___ Data for processing ___
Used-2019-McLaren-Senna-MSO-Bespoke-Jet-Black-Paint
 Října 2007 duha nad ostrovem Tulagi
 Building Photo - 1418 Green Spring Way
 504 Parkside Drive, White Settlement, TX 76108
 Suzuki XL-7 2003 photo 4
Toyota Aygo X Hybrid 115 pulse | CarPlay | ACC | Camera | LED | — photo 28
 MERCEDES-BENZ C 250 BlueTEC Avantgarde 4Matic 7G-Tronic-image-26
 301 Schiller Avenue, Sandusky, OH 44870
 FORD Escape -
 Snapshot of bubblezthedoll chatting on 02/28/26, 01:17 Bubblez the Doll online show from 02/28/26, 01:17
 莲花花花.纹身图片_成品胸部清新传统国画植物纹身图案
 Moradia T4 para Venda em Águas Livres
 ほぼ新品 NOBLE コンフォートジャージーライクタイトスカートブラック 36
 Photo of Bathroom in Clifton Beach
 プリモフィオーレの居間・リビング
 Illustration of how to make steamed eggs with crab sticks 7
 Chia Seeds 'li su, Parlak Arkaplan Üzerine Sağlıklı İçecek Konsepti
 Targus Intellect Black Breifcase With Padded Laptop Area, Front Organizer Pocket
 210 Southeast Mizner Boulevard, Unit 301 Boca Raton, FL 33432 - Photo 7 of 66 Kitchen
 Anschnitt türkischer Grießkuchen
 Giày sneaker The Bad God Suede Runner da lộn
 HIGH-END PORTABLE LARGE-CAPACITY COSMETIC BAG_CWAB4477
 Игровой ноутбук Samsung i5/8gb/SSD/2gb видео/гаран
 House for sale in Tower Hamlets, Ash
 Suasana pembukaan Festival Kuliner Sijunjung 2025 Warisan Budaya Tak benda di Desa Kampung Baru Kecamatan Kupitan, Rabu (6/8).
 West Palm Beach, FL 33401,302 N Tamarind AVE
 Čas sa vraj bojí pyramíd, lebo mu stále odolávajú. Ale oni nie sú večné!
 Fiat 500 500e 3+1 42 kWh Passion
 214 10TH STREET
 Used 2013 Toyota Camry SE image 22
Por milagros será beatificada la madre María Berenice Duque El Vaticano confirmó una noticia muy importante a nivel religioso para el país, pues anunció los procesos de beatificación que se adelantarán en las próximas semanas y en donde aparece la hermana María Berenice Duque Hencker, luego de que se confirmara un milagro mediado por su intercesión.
___
● Task brief: Transcribe every line of the records exactly, please.

● Expected answer:
Used-2019-McLaren-Senna-MSO-Bespoke-Jet-Black-Paint
 Října 2007 duha nad ostrovem Tulagi
 Building Photo - 1418 Green Spring Way
 504 Parkside Drive, White Settlement, TX 76108
 Suzuki XL-7 2003 photo 4
Toyota Aygo X Hybrid 115 pulse | CarPlay | ACC | Camera | LED | — photo 28
 MERCEDES-BENZ C 250 BlueTEC Avantgarde 4Matic 7G-Tronic-image-26
 301 Schiller Avenue, Sandusky, OH 44870
 FORD Escape -
 Snapshot of bubblezthedoll chatting on 02/28/26, 01:17 Bubblez the Doll online show from 02/28/26, 01:17
 莲花花花.纹身图片_成品胸部清新传统国画植物纹身图案
 Moradia T4 para Venda em Águas Livres
 ほぼ新品 NOBLE コンフォートジャージーライクタイトスカートブラック 36
 Photo of Bathroom in Clifton Beach
 プリモフィオーレの居間・リビング
 Illustration of how to make steamed eggs with crab sticks 7
 Chia Seeds 'li su, Parlak Arkaplan Üzerine Sağlıklı İçecek Konsepti
 Targus Intellect Black Breifcase With Padded Laptop Area, Front Organizer Pocket
 210 Southeast Mizner Boulevard, Unit 301 Boca Raton, FL 33432 - Photo 7 of 66 Kitchen
 Anschnitt türkischer Grießkuchen
 Giày sneaker The Bad God Suede Runner da lộn
 HIGH-END PORTABLE LARGE-CAPACITY COSMETIC BAG_CWAB4477
 Игровой ноутбук Samsung i5/8gb/SSD/2gb видео/гаран
 House for sale in Tower Hamlets, Ash
 Suasana pembukaan Festival Kuliner Sijunjung 2025 Warisan Budaya Tak benda di Desa Kampung Baru Kecamatan Kupitan, Rabu (6/8).
 West Palm Beach, FL 33401,302 N Tamarind AVE
 Čas sa vraj bojí pyramíd, lebo mu stále odolávajú. Ale oni nie sú večné!
 Fiat 500 500e 3+1 42 kWh Passion
 214 10TH STREET
 Used 2013 Toyota Camry SE image 22
Por milagros será beatificada la madre María Berenice Duque El Vaticano confirmó una noticia muy importante a nivel religioso para el país, pues anunció los procesos de beatificación que se adelantarán en las próximas semanas y en donde aparece la hermana María Berenice Duque Hencker, luego de que se confirmara un milagro mediado por su intercesión.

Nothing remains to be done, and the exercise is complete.